◆ PROBLEM:
Transcribe the listing below word for word.
----- MATERIAL FOR THIS EXERCISE
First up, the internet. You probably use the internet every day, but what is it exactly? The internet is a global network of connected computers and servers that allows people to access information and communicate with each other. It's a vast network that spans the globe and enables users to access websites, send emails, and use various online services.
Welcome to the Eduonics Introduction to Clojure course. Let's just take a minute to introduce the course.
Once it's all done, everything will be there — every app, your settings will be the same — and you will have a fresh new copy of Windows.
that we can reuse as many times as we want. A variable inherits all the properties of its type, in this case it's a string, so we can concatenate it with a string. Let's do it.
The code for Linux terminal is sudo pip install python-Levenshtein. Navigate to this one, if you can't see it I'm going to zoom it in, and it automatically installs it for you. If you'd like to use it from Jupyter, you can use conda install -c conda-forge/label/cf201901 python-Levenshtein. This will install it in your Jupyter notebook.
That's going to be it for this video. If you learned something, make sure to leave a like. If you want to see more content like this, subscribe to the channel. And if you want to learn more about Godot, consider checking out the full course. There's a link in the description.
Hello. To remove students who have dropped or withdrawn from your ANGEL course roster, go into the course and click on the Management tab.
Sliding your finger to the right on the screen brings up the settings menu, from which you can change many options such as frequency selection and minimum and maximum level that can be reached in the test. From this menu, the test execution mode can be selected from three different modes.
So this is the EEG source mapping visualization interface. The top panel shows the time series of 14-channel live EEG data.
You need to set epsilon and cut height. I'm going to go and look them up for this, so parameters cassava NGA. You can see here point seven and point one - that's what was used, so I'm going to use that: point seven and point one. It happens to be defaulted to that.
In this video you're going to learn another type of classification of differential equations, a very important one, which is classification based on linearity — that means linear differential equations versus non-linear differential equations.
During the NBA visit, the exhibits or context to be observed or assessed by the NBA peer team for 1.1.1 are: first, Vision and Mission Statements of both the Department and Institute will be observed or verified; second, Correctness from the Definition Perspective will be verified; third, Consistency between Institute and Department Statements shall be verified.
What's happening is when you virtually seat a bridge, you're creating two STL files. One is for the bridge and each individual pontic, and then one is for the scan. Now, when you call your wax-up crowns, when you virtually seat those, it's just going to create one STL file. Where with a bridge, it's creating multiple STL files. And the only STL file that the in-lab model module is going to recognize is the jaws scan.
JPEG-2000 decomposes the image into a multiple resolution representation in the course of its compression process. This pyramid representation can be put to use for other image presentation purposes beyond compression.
----------
◆ TASK RESPONSE:
First up, the internet. You probably use the internet every day, but what is it exactly? The internet is a global network of connected computers and servers that allows people to access information and communicate with each other. It's a vast network that spans the globe and enables users to access websites, send emails, and use various online services.
Welcome to the Eduonics Introduction to Clojure course. Let's just take a minute to introduce the course.
Once it's all done, everything will be there — every app, your settings will be the same — and you will have a fresh new copy of Windows.
that we can reuse as many times as we want. A variable inherits all the properties of its type, in this case it's a string, so we can concatenate it with a string. Let's do it.
The code for Linux terminal is sudo pip install python-Levenshtein. Navigate to this one, if you can't see it I'm going to zoom it in, and it automatically installs it for you. If you'd like to use it from Jupyter, you can use conda install -c conda-forge/label/cf201901 python-Levenshtein. This will install it in your Jupyter notebook.
That's going to be it for this video. If you learned something, make sure to leave a like. If you want to see more content like this, subscribe to the channel. And if you want to learn more about Godot, consider checking out the full course. There's a link in the description.
Hello. To remove students who have dropped or withdrawn from your ANGEL course roster, go into the course and click on the Management tab.
Sliding your finger to the right on the screen brings up the settings menu, from which you can change many options such as frequency selection and minimum and maximum level that can be reached in the test. From this menu, the test execution mode can be selected from three different modes.
So this is the EEG source mapping visualization interface. The top panel shows the time series of 14-channel live EEG data.
You need to set epsilon and cut height. I'm going to go and look them up for this, so parameters cassava NGA. You can see here point seven and point one - that's what was used, so I'm going to use that: point seven and point one. It happens to be defaulted to that.
In this video you're going to learn another type of classification of differential equations, a very important one, which is classification based on linearity — that means linear differential equations versus non-linear differential equations.
During the NBA visit, the exhibits or context to be observed or assessed by the NBA peer team for 1.1.1 are: first, Vision and Mission Statements of both the Department and Institute will be observed or verified; second, Correctness from the Definition Perspective will be verified; third, Consistency between Institute and Department Statements shall be verified.
What's happening is when you virtually seat a bridge, you're creating two STL files. One is for the bridge and each individual pontic, and then one is for the scan. Now, when you call your wax-up crowns, when you virtually seat those, it's just going to create one STL file. Where with a bridge, it's creating multiple STL files. And the only STL file that the in-lab model module is going to recognize is the jaws scan.
JPEG-2000 decomposes the image into a multiple resolution representation in the course of its compression process. This pyramid representation can be put to use for other image presentation purposes beyond compression.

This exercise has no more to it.